When the Ice Melts, the Earth Spews Fire



by Mitch Battros - Earth Changes Media


New scientific evidence shows the natural cyclical patterns of warming and cooling trends has a direct impact on the increase and decrease of earthquake and volcanic activity. Researchers at GEOMAR Helmholtz Center for Ocean Research Kiel (Germany) and Harvard University in Massachusetts (USA) have now found strong evidence for this relationship from major volcanic eruptions around the Pacific Ocean over the past 1 million years. They have presented their results in the latest issue of the international journal "Geology".
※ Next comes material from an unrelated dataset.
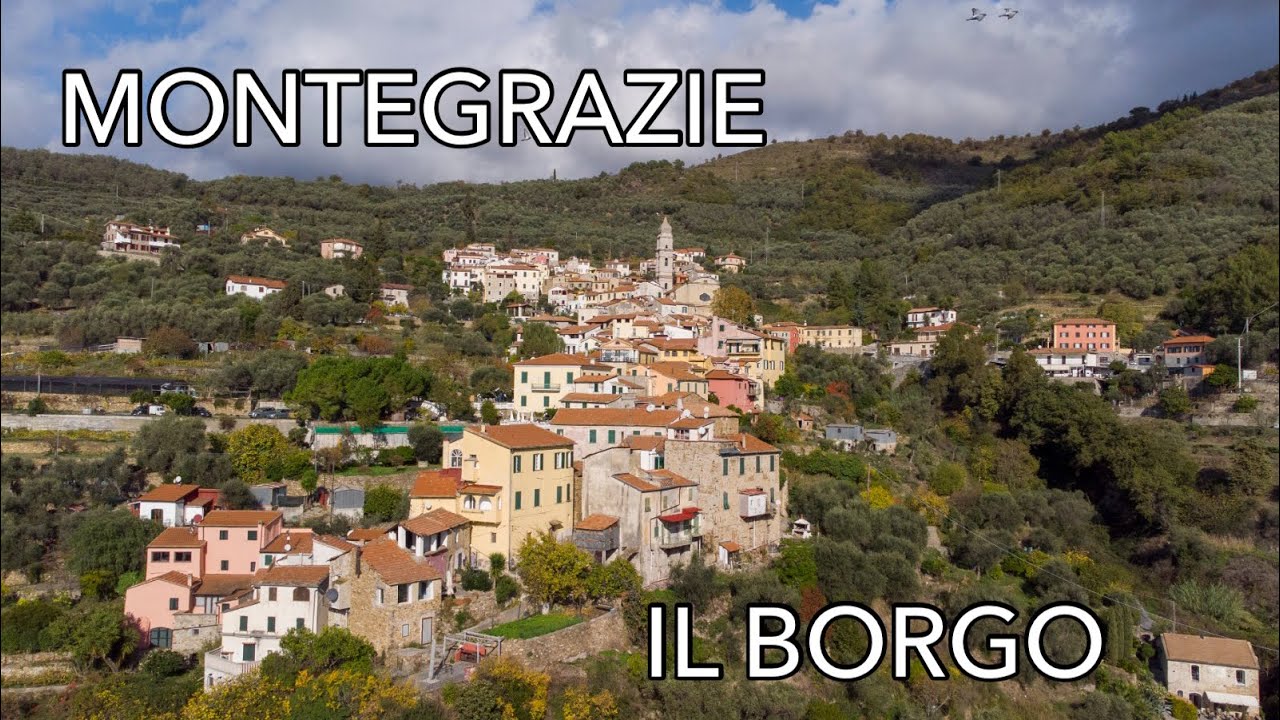 Montegrazie, immersa tra gli Ulivi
The basic evidence for the discovery came from the work of the Collaborative Research Center "Fluids and Volatiles in Subduction Zones (CRC 574) Collaborative Research Center-574. For more than ten years the project has been extensively exploring volcanoes of Central America.

 

"Among others pieces of evidence, we have observations of ash layers in the seabed and have reconstructed the history of volcanic eruptions for the past 460,000 years," says GEOMAR volcanologist Dr Steffen Kutterolf, who has been with CRC 574 since its founding. Particular patterns started to appear. "There were periods when we found significantly more large eruptions than in others" says Kutterolf, the lead author of the Geology article. After comparing these patterns with the climate history, there was an amazing match. The periods of high volcanic activity followed fast, global temperature increases and associated rapid ice melting.

 

Subduction Zone and Volcanoes Video: http://bit.ly/Wv58Js

 

Together with colleagues at Harvard University, the geologists and geophysicists searched for a possible explanation. They found it with the help of geological computer models. "In times of natural warming trends, the glaciers are melting on the continents relatively quickly. At the same time the sea level rises. The weight on the continents decreases, while the weight on the oceanic tectonic plates increases. Thus, the stress changes within in the earth to open more routes for ascending magma" says Dr Jegen.

 

To expand the scope of the discoveries, Dr Kutterolf and his colleagues studied other cores from the entire Pacific region. These cores had been collected as part of the International Integrated Ocean Drilling Program (IODP) and its predecessor programs. They record more than a million years of the Earth's history. "In fact, we found the same pattern from these cores as in Central America" says geophysicist Dr Marion Jegen from GEOMAR, who also participated in the recent study.

 

 

 

The rate of global cooling at the end of the warm phases is much slower, so there are less dramatic stress changes during these times. "If you follow the natural climate cycles, we are currently at the end of a really warm phase. Therefore, things are volcanically quieter now. The impact from man-made warming is still unclear based on our current understanding" says Dr Kutterolf. The next step is to investigate shorter-term historical variations to better understand implications for the present day.